It is a practice of the Inland Revenue Department not to insist on a company filing audited financial statements when the company reports that it has not commenced business or that it has ceased operation in the interim.
This has created a misperception that companies incorporated in Hong Kong do not have to prepare audited financial statements when there is no business transaction.
This is nothing further from the truth. Hong Kong incorporated companies have to follow all the statutory requirements prescribed by the Companies Ordinance. There is no exemption from preparing audited financial statements notwithstanding the fact that the Inland Revenue Department does not ask for its filing.

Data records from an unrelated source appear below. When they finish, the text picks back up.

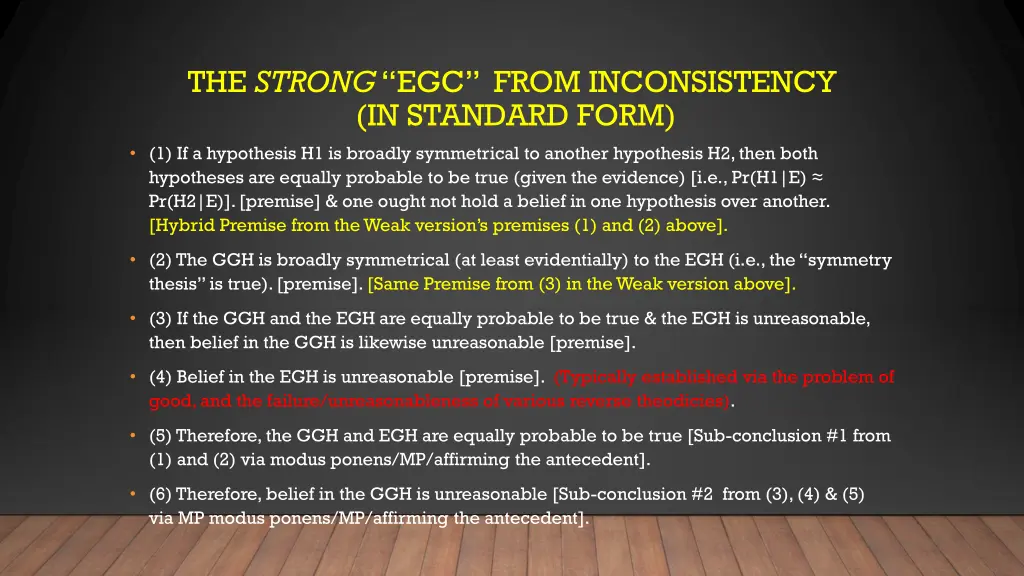 the strong egc from inconsistency in standard form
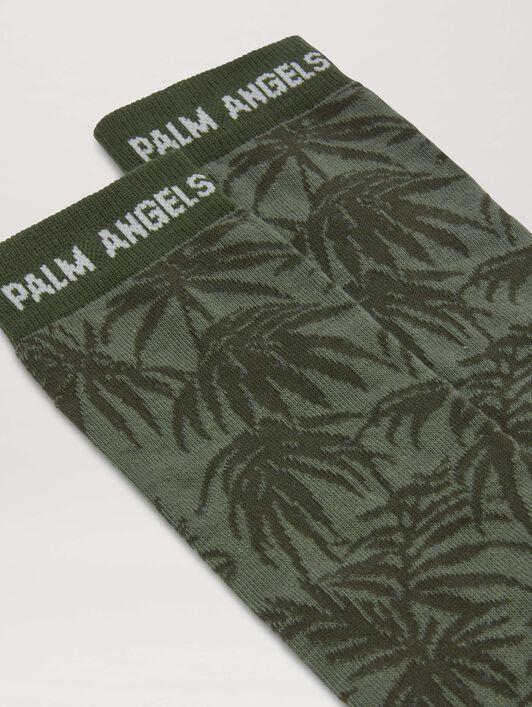 JACQUARD PALMS LOGO SOCKS MILITARY GREEN Product Image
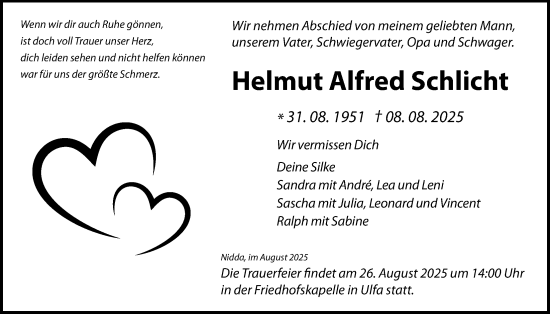 Traueranzeige von Helmut Alfred Schlicht von Kreis-Anzeiger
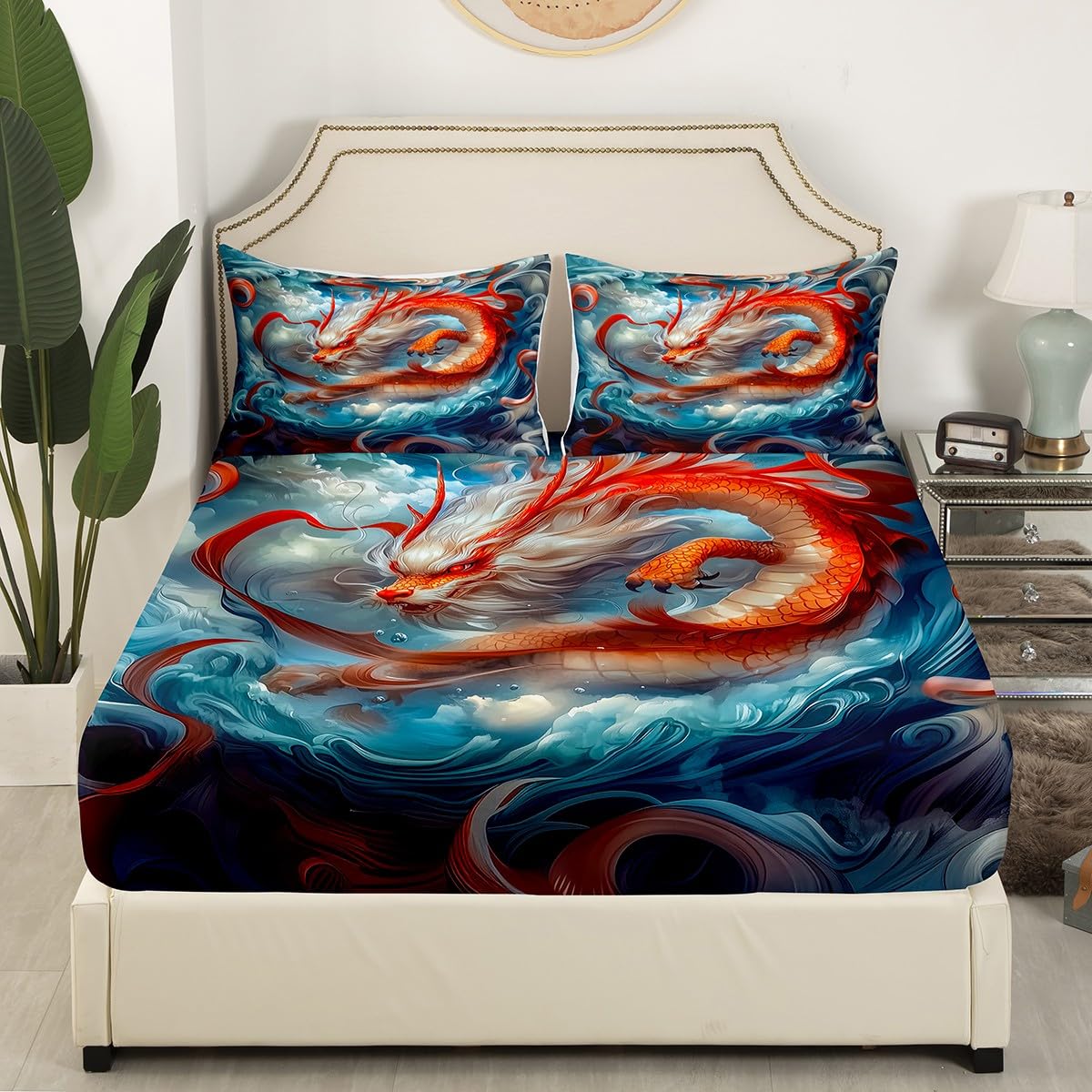 Feelyou Dragon Monster Bedding Sheets Full Red Mighty Dragon Bed Sheet Set for Adult Kids Classical Monster Fitted Sheet Wild Animal Bed Cover 3Pcs,1 Fitted Sheet+2 Pillow Sham（No Flat Sheet）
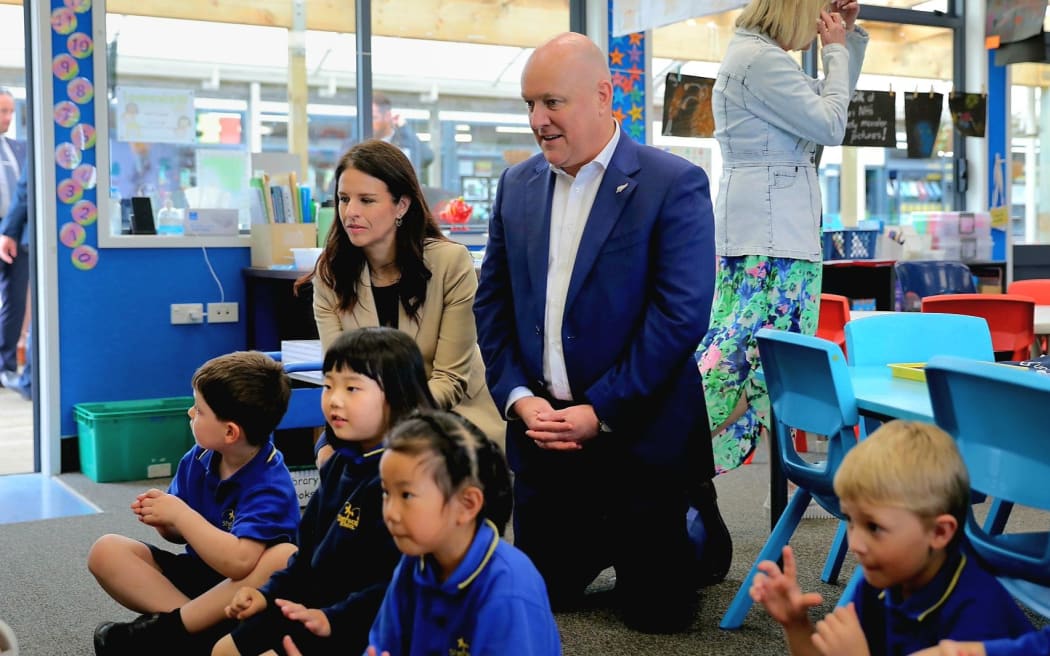 Prime Minister Christopher Luxon and Education Minister Erica Stanford visit Sherwood Primary School in Browns Bay, Auckland.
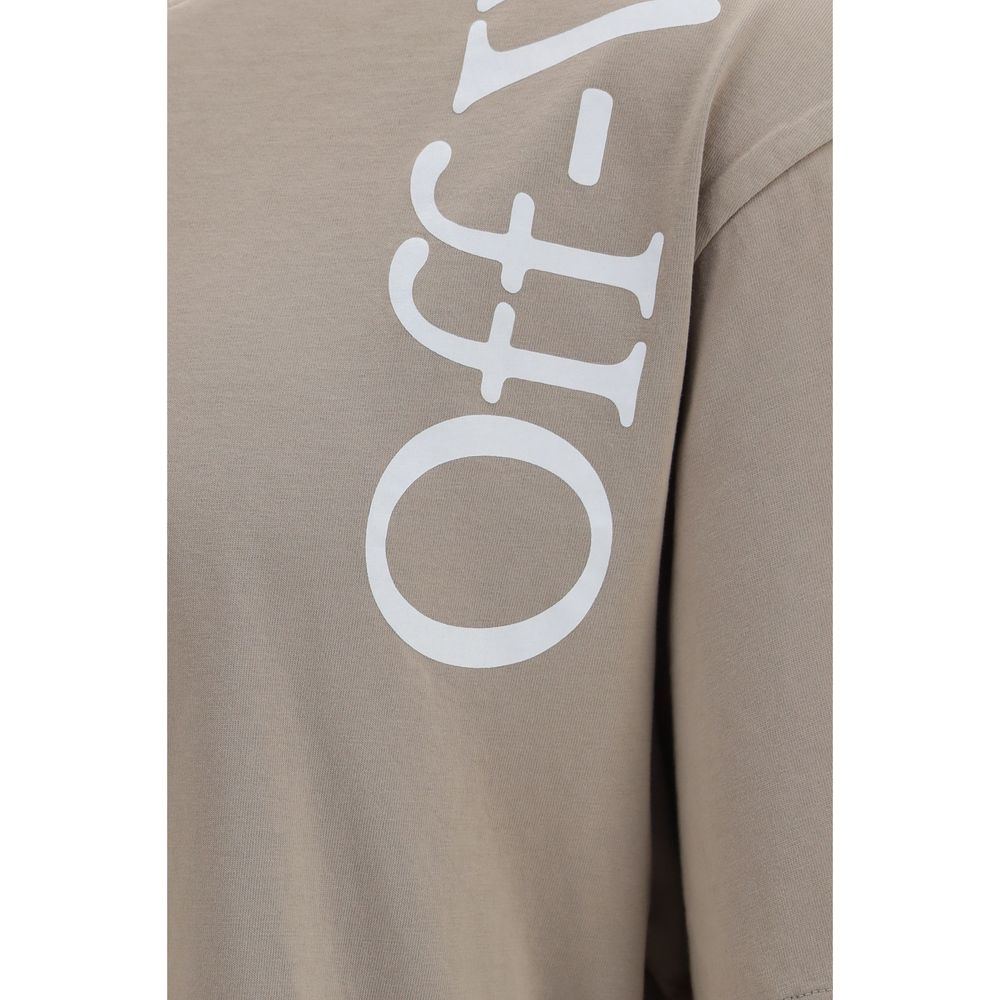 Activewear T-Shirt by Off-White for men in cotton beige, white & print features an athletic silhouette with sleeves and a neckline, enhanced by high-performance .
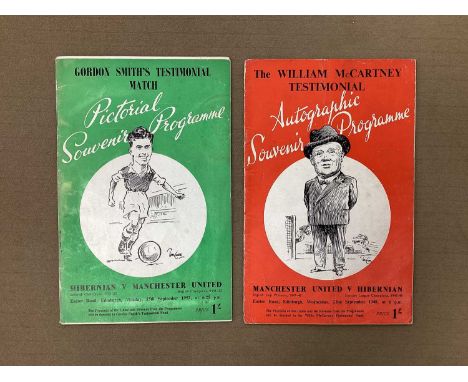 1952 Hibernian v. Manchester United Programme for Gordon Smith's Testimonial, the back page is a facsimile, together with 194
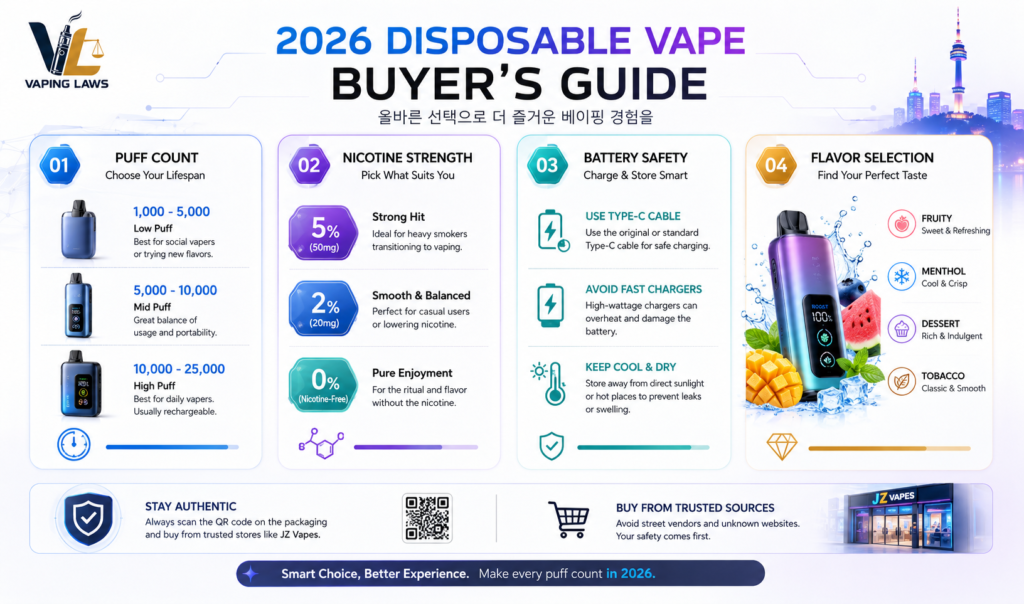 Disposable vape buying guide showing puff count, nicotine strength, and battery safety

Definition of ‘dormant company’ is in the Companies Ordinance. A company must not have any accounting transaction and the required filing procedure must be complied with before it can call itself as ‘dormant’. Once done, preparation of audited financial statements and filing of annual return are exempted.
However, if there are changes in directors, company secretary and registered office address, these changes still have to be reported to the Companies Registry. Payment of all government fees should continue.
When a ‘dormant company’ wishes to enter into an accounting transaction, filing to re-activiate itself must be done prior to the transaction being done.
Quite often, directors forget their ‘dormant companies’ entirely and lose all their records. Therefore, it would be advisable to consider dissolving these companies if they are indeed not required for business transactions in the future.